Not to get into too many details, but when you run different transformations on a RDD (map, flatMap, filter and others), your transformation code (closure) is:

serialized on the driver node,
shipped to the appropriate nodes in the cluster,
deserialized,
and finally executed on the nodes

The for in your code is just syntactic sugar for a map.

Because of this, the maxCount that each execution updates is not the same maxCount in your invoking program. That one never changes.

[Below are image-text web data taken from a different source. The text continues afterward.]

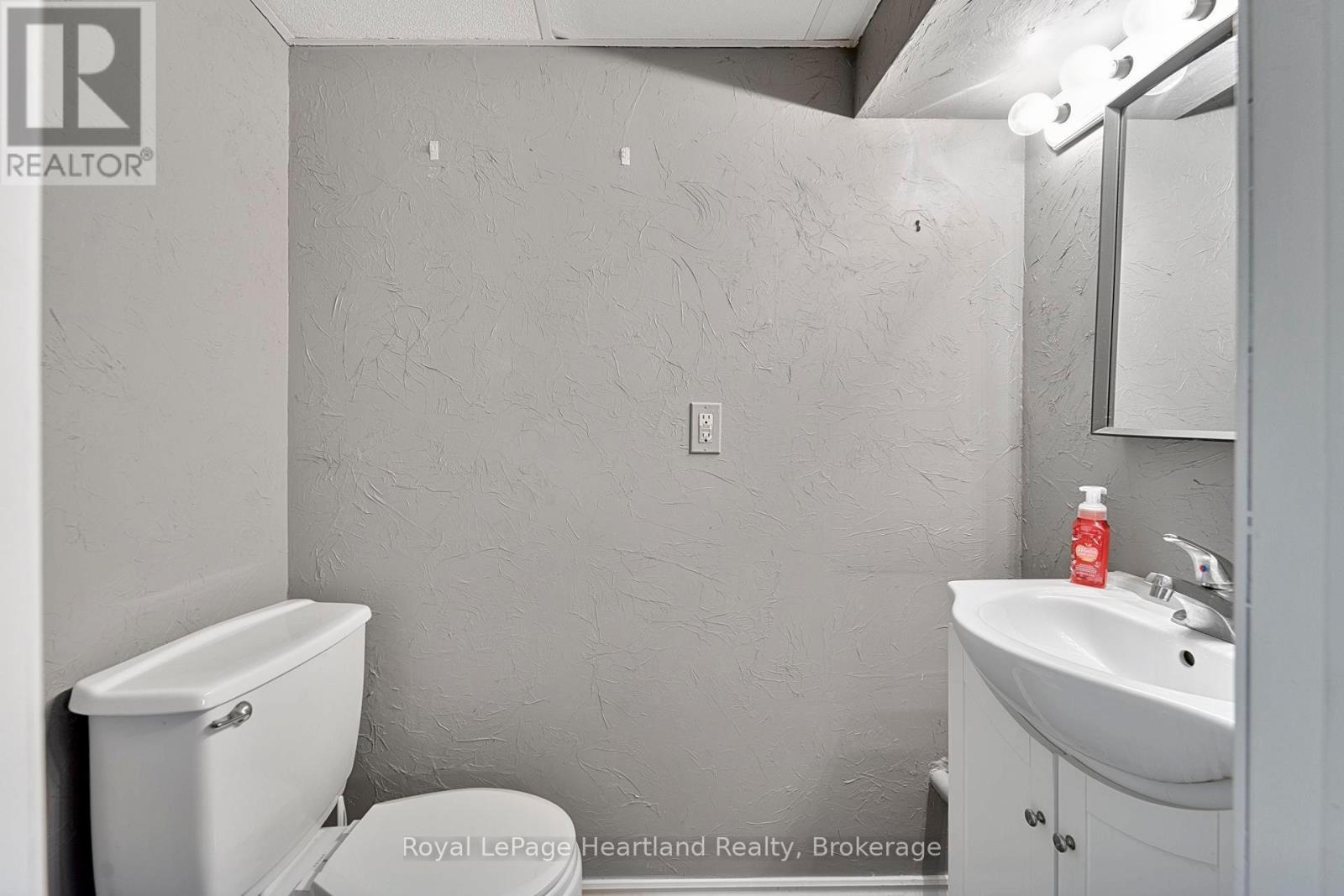 164 Bayfield Road, Goderich (Goderich (Town)), ON - Indoor Photo Showing Bathroom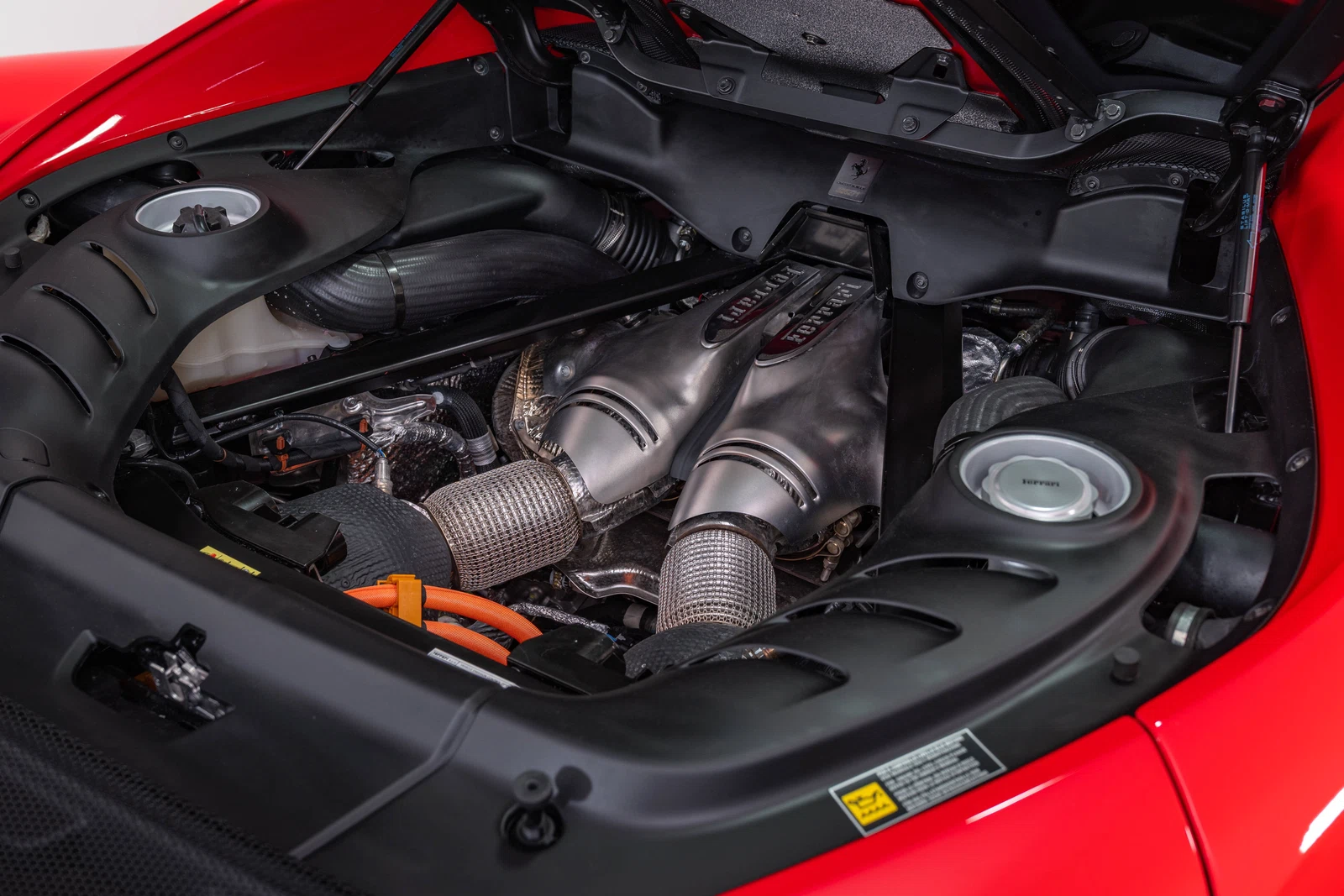 2025 Ferrari 296 GTB, 29/30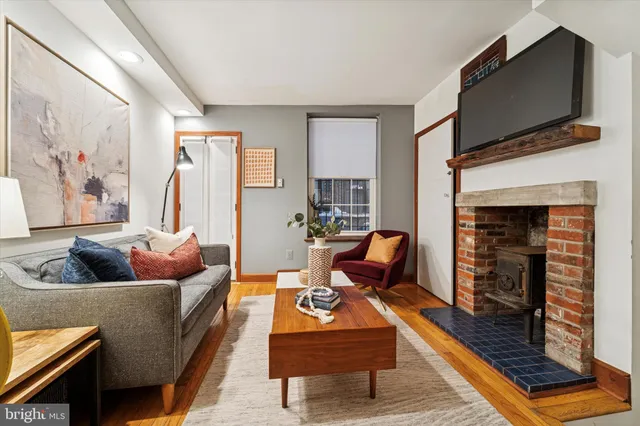 $234,999 | 536 Montrose Street, Unit A, Philadelphia, PA 19147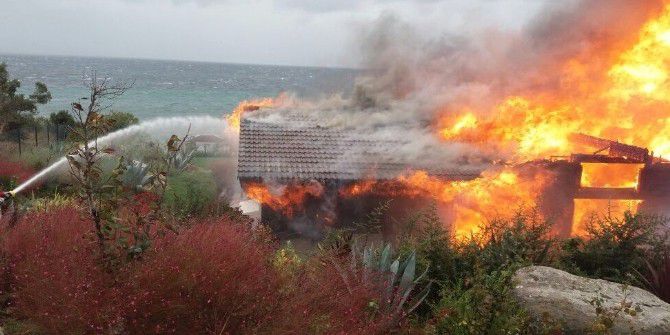 İş Adamı Ali Ağaoğlu Ve Kardeşinin Avşa’daki Yazlık Villası Küle Döndü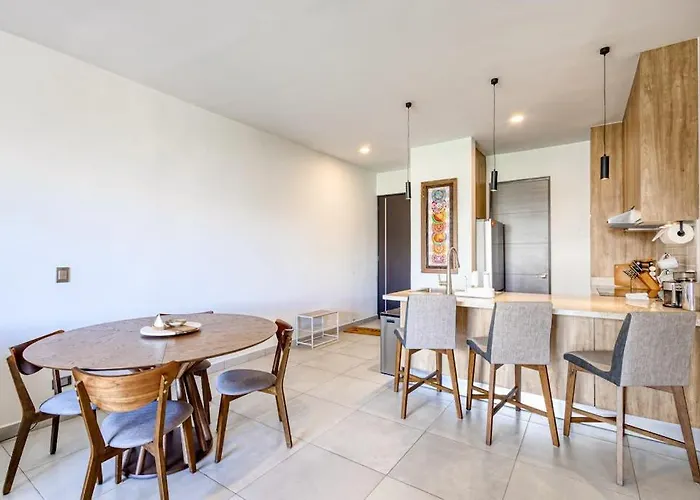 Сasa de vacaciones Bright And Modern W/ Balcony, Shared Pool, A/c, Minutes To & Town *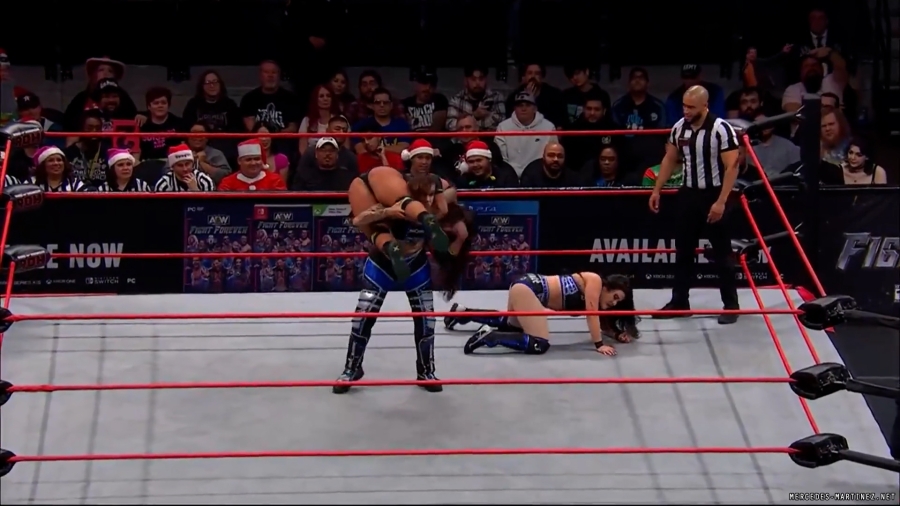 mercedesroh20240104_00_02_40_00_Still602.jpg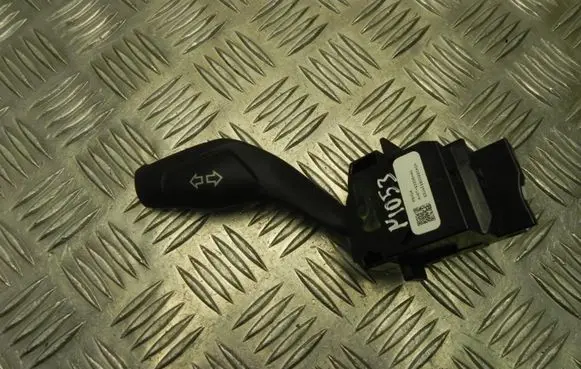 Ford Focus Indicator stalk AV6T13335AC N1053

The lesson here is don't use closures (blocks) that update vars outside the block

Community
  • 1
  • 1
The Archetypal Paul
  • 41,321
  • 20
  • 104
  • 134
  • I am wondering why this is happening even when I am running Spark on a single node (my local machine). Probably even when you run Spark on a single machine, there are two distinct threads/processes: a master process and a worker process, and probably they use different segments of the memory and they don't share memory? – Javad Jan 19 '15 at 19:20
  • By the way, then what approach do you suggest for handling this problem? – Javad Jan 19 '15 at 19:23
  • Of course one approach (or more accurately, a hack) that I used was to write the value I am fetching into a file, inside the closure/block. – Javad Jan 19 '15 at 19:25
  • 1
    If your use case is to calculate the max, `map` the RDD to just the counts, then use `reduce`. Or call `.max()`, passing in an appropriate Ordering. – The Archetypal Paul Jan 19 '15 at 19:57
  • Wonderful! I also found this useful: http://spark.apache.org/docs/1.2.0/programming-guide.html#shared-variables – Javad Jan 19 '15 at 21:25
0

Since you didn't post a complete example I had to arbitrate some portion of the code.

For your 4th edit I made:

val myArray = Array(
  List(List(0, 0, 0, 0), List(0, 0, 0, 0), List(0, 0, 0, 0)),
  List(List(1, 1, 1, 1), List(1, 1, 1, 1), List(1, 1, 1, 1)),
  List(List(2, 2, 2, 2), List(2, 2, 2, 2), List(2, 2, 2, 2))
)

Running in the REPL:

var count = 0

for (arrayOfLists <- myArray) {
  count = arrayOfLists.last(3).toInt
  println(s"count=$count")
}

println(s"count=$count")

I get:

scala> for (arrayOfLists <- myArray) {
     |   count = arrayOfLists.last(3).toInt
     |   println(s"count=$count")
     | }
count=0
count=1
count=2

scala> println(s"count=$count")
count=2

The value is non-zero inside the loop and non-zero outside the loop.

If you please post a complete example, maybe we can help you more.